History log of /freebsd-9.3-release/lib/msun/src/math_private.h
Revision Date Author Comments
(<<< Hide modified files)
(Show modified files >>>)
# 267654 19-Jun-2014 gjb

Copy stable/9 to releng/9.3 as part of the 9.3-RELEASE cycle.

Approved by: re (implicit)
Sponsored by: The FreeBSD Foundation

# 239529 21-Aug-2012 dim

MFC r239192:

Change a few extern inline functions in libm to static inline, since
they need to refer to static constants, which C99 does not allow for
extern inline functions.

While here, change a comment in e_rem_pio2f.c to mention the correct
number of bits.

Reviewed by: bde

MFC r239195:

Add __always_inline to __ieee754_rem_pio2() and __ieee754_rem_pio2f(),
since some older versions of gcc refuse to inline these otherwise.

Requested by: bde


# 229839 09-Jan-2012 das

MFC various fma{,f,l} improvements:

r226245 - refactoring
r226371 - fix double-rounding bug
r226373 - new math_private.h macros
r226601 - fix nit in r226371


# 225736 22-Sep-2011 kensmith

Copy head to stable/9 as part of 9.0-RELEASE release cycle.

Approved by: re (implicit)


# 216211 05-Dec-2010 das

Add log2() and log2f().


# 194000 11-Jun-2009 ed

Use the documented machine constraint for SSE registers.

The amd64-specific bits of msun use an undocumented constraint, which is
less likely to be supported by other compilers (such as Clang).

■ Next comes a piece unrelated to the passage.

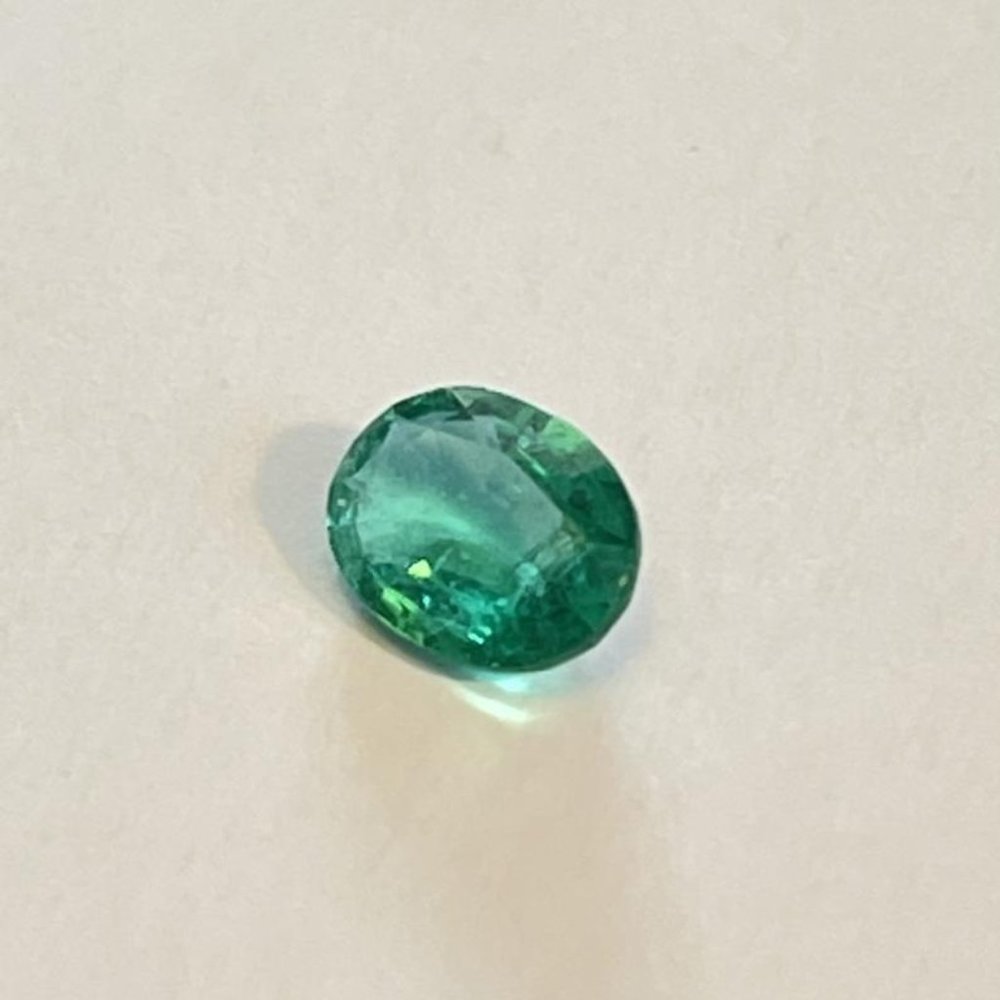 Excellent Vivid Natural Beryl Emerald 0.60 carats - Picture 3 of 10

Change
the code to use a more common machine constraint.

Obtained from: /projects/clangbsd/


# 193368 03-Jun-2009 ed

Use ISO C99 style inline semantics in msun.

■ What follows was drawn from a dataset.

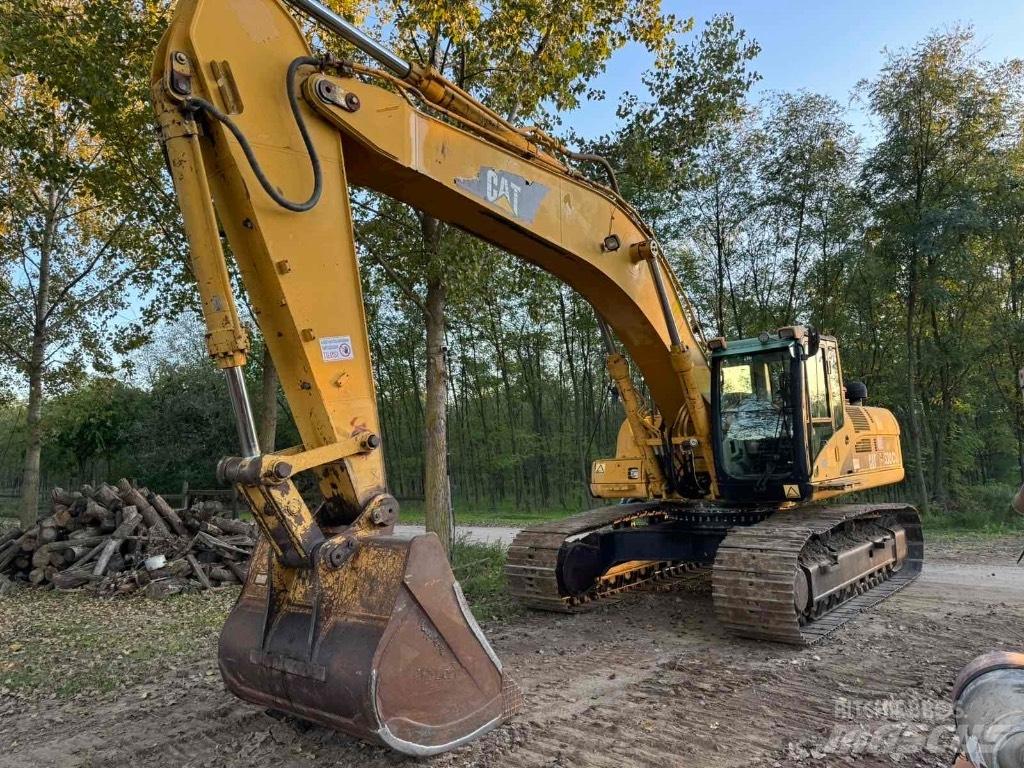CAT 330CL Bandgrävare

Because we use ISO C99 nowadays, we can just get rid of enforcing
GNU89-style inlining.


# 189803 14-Mar-2009 das

Eliminate __real__ and __imag__ gccisms.


# 186461 23-Dec-2008 marcel

Add support for the FPA floating-point format on ARM. The
FPA floating-point format is identical to the VFP format,
but is always stored in big-endian.
Introduce _IEEE_WORD_ORDER to describe the byte-order of
the FP representation.

Obtained from: Juniper Networks, Inc


# 176552 25-Feb-2008 bde

Change __ieee754_rem_pio2f() to return double instead of float so that
this function and its callers cosf(), sinf() and tanf() don't waste time
converting values from doubles to floats and back for |x| > 9pi/4.
All these functions were optimized a few years ago to mostly use doubles
internally and across the __kernel*() interfaces but not across the
__ieee754_rem_pio2f() interface.

This saves about 40 cycles in cosf(), sinf() and tanf() for |x| > 9pi/4
on amd64 (A64), and about 20 cycles on i386 (A64) (except for cosf()
and sinf() in the upper range). 40 cycles is about 35% for |x| < 9pi/4
<= 2**19pi/2 and about 5% for |x| > 2**19pi/2. The saving is much
larger on amd64 than on i386 since the conversions are not easy to
optimize except on i386 where some of them are automatic and others
are optimized invalidly. amd64 is still about 10% slower in cosf()
and tanf() in the lower range due to conversion overhead.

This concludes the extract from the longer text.